The tour is called the “You Are the Reason” Tour. It kicks off July 22 in Mexico City and ends November 23 at MSG, which is his hometown.
Tickets go on presale tomorrow, Tuesday, April 14, at 10 a.m. local time through Sombr’s website. General sale opens Friday, April 17 at 10 a.m. local time on Ticketmaster.
Prices start around $45 to $120 before fees. If you are already a fan, you know what to do. If you are not yet a fan and are trying to figure out what this is all about, read on.
Who Is Sombr?
Shane Michael Boose grew up on the Lower East Side of Manhattan, the son of two people who worked for amfAR.
He learned GarageBand at the tail end of elementary school and started stacking harmonies in his bedroom.

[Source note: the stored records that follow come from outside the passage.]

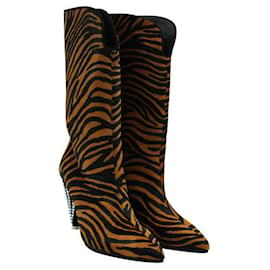 Autre Marque-Botas de cabelo de cavalo zebra marrom de designer contemporâneo com salto de cristal-Outro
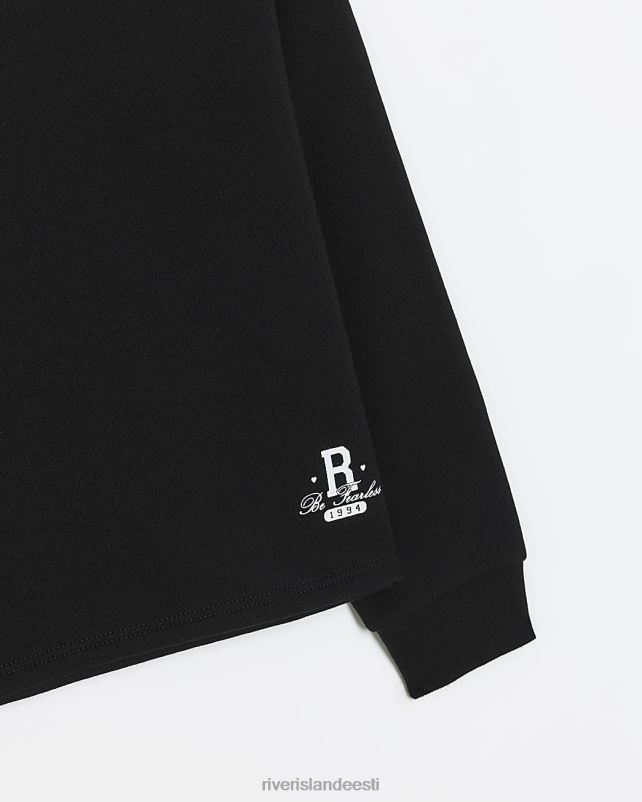 kehakate must tüdrukud River Island g tavaline dressipluus 44TLL3262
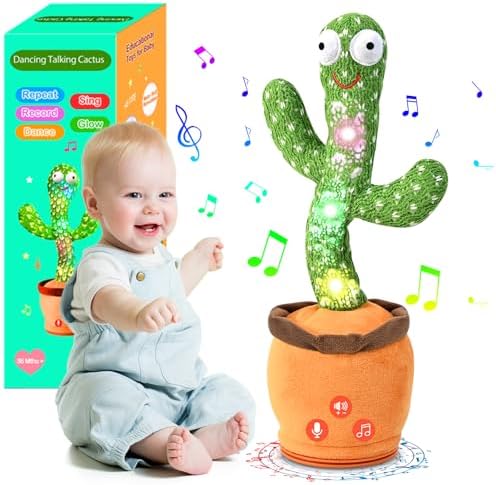 SANJOIN Dancing Talking Cactus Toy for Baby Toddler, Boys Girls Gifts Singing Mimicking Recording Repeating What You Say Baby Toys with 120 English Songs (Adjustable Volume)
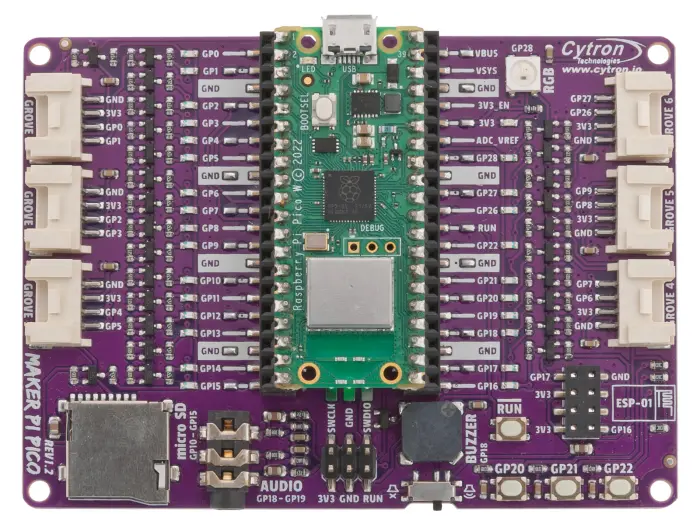 Maker Pi Pico - Experimentkort för Pico 1/2 @ electrokit (4 av 8)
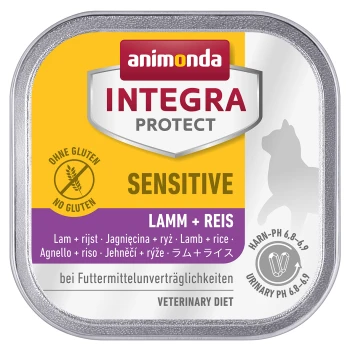 Verpackung für Nassfutter für Hunde mit "Animonda Integra Protect Sensitive" mit Lamm und Reis, glutenfrei, und Informationen zur veterinärmedizinischen Diät.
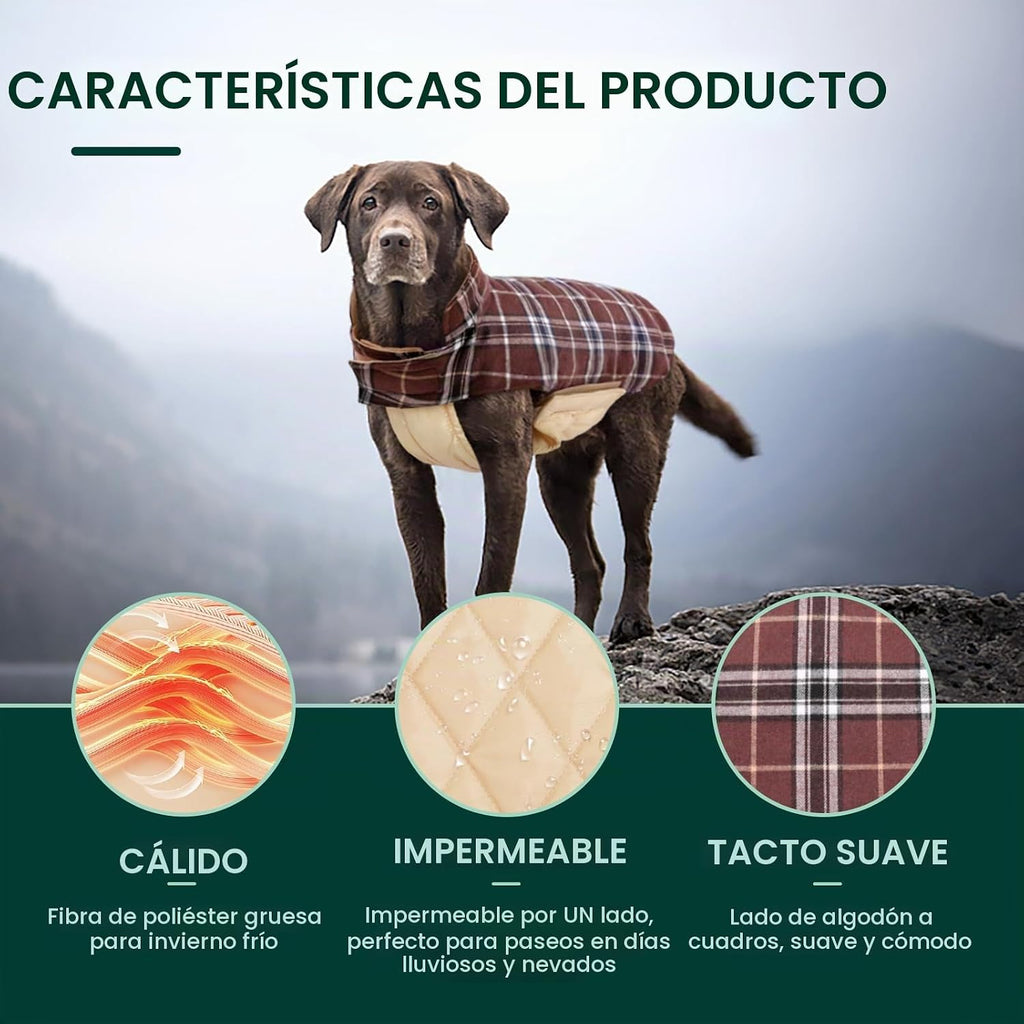 Kuoser - Abrigo impermeable de invierno para perro, chaqueta revers...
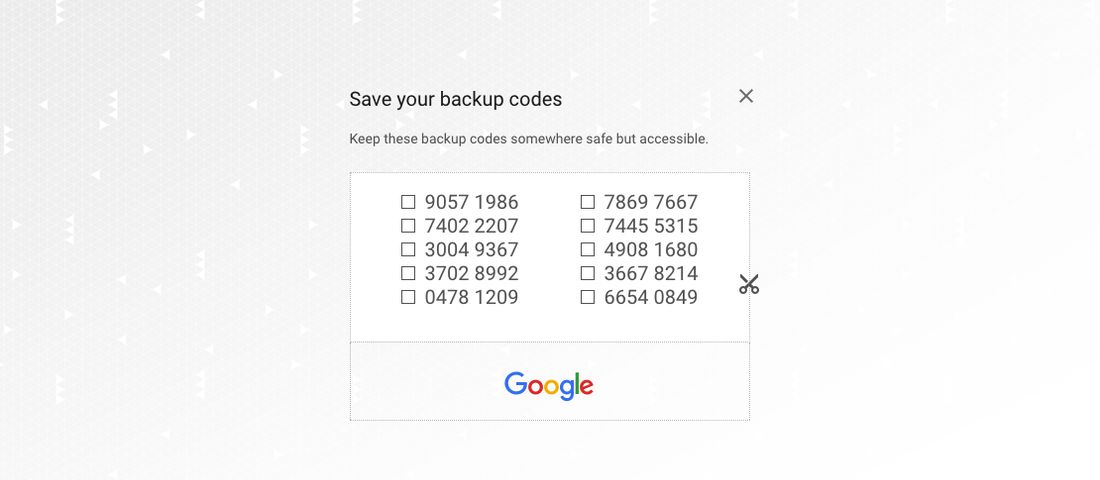 کدهای بازیابی حساب گوگل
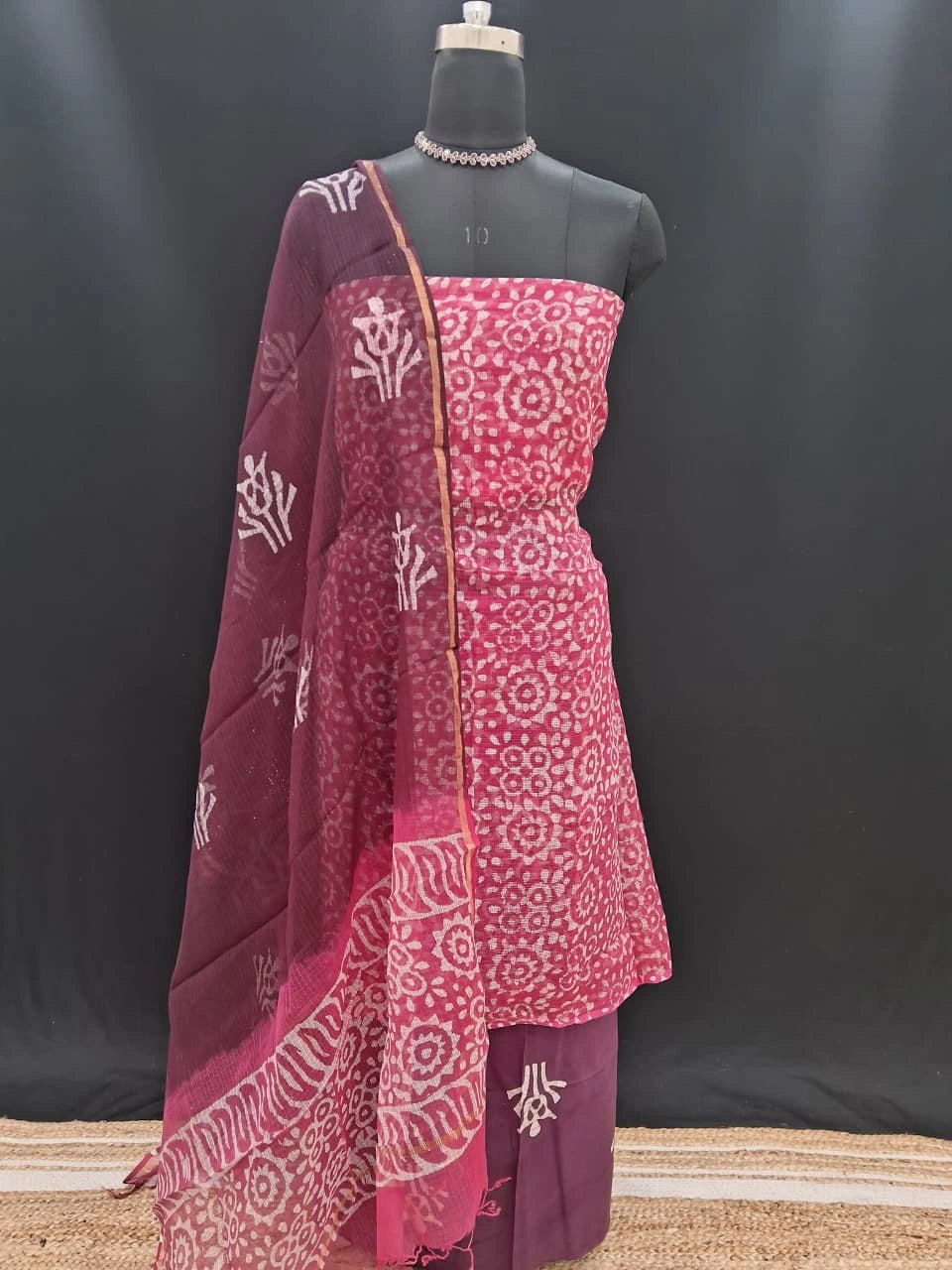 Pink Kota Dress Material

He was a voice major at LaGuardia High School, the performing arts school that produced Nicki Minaj and Jennifer Aniston and a hundred other artists, when “Caroline,” a song he released in June 2022, started spreading online. He left school during his junior year to chase it.
He changed his name to Sombr, it carried his emotional state at the time and hid his initials (SMB) inside it.
He signed to Warner Records, released a few singles, put out an EP called “In Another Life” in September 2023 with producer Tony Berg.
He was building something, but the real break had not happened yet.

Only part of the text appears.